Processors

Processors forum

State TI Thinks Resolved
Locked Locked
Replies 21 replies
Answers 1 answer
Subscribers 100 subscribers
Views 1269 views
Users 0 members are here

Support feedback

Options

Options

Related

OMAP-L138 Async EMIFA Turnaround phase

Milan Zelenka

Intellectual 870 points

Other Parts Discussed in Thread: OMAP-L138

Hello,
OMAP-L138 Reference Manual says that TA precedes the Async EMIFA operation.

Could you please explain in plain English how this feature helps slow down access to a slow peripheral?

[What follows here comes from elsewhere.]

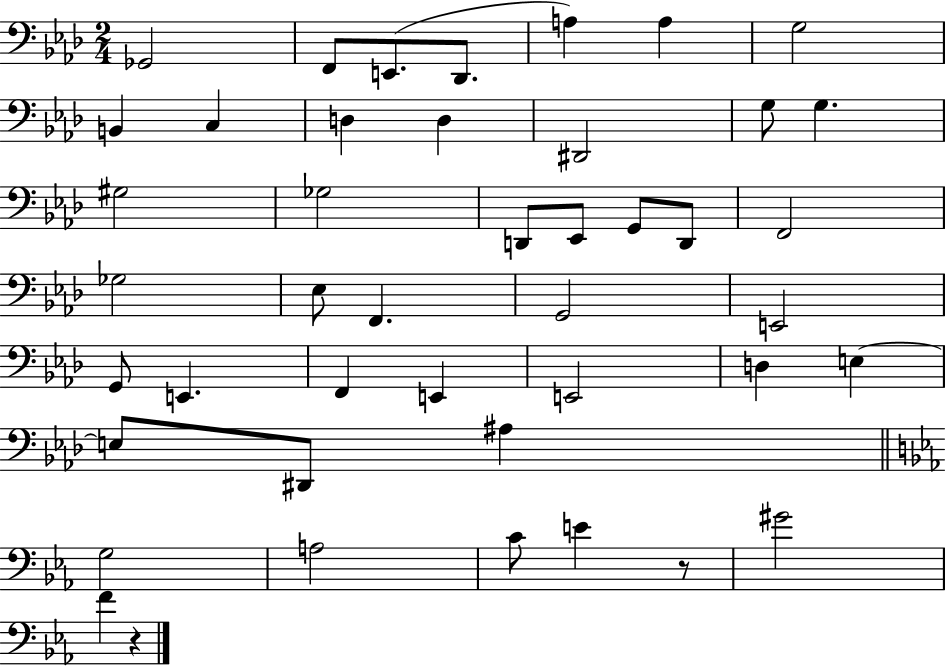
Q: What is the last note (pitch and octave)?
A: F4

If TA cases leading delay, then I suspect SW cannot assign a prolonged TA to the peripheral with slow OE-to-databus-High-Z response time. What am I missing here?

Many thanks,
Milan

over 12 years ago

0 Shankari G over 12 years ago

TI__Mastermind 43955 points

Hi Milan,

Please let us know which section of OMAP-L138 TRM ( Technical reference manual) you are referring to?

What do you mean by the term "TA" ?

regards,

Shankari

0 Milan Zelenka over 12 years ago in reply to Shankari G

Intellectual 870 points

Hello Shankari,
TA stands for Turnaround phase. This is an offical acronym used in OMAP-L138 documentation for the Turnaround option

For Turnaround behavior, please refer to TRM, page 831, Table 20-19, and a few others.

Thanks,
Milan

0 Sunil Kamath over 12 years ago

TI__Expert 7470 points

Milan,

I do not completely understand the issue you see with TA behavior when interfacing with a slow peripheral. Can you expand on your concern?

I suppose you have already seen the description for TA in Table 20-15 of the TRM. TA is inserted between consecutive write-read (and vice-versa) operations to the same chip select or between accesses to different chip selects . The HOLD count can be used to add delay if TA is insufficient. EMIFA also supports Extended Wait delays to account for large tR delays.

Regards,

Sunil Kamath

0 Milan Zelenka over 12 years ago in reply to Sunil Kamath

Intellectual 870 points

Hello Sunil,
Yes, I can expand my concern.

1. I am assuming that the purpose of TA phase is to allow designers to connect slow peripherals to the EMIFA.
[Yes/No] ?

2. If yes, I would expect TA phase shall create a trailing delay. Would you expect the same?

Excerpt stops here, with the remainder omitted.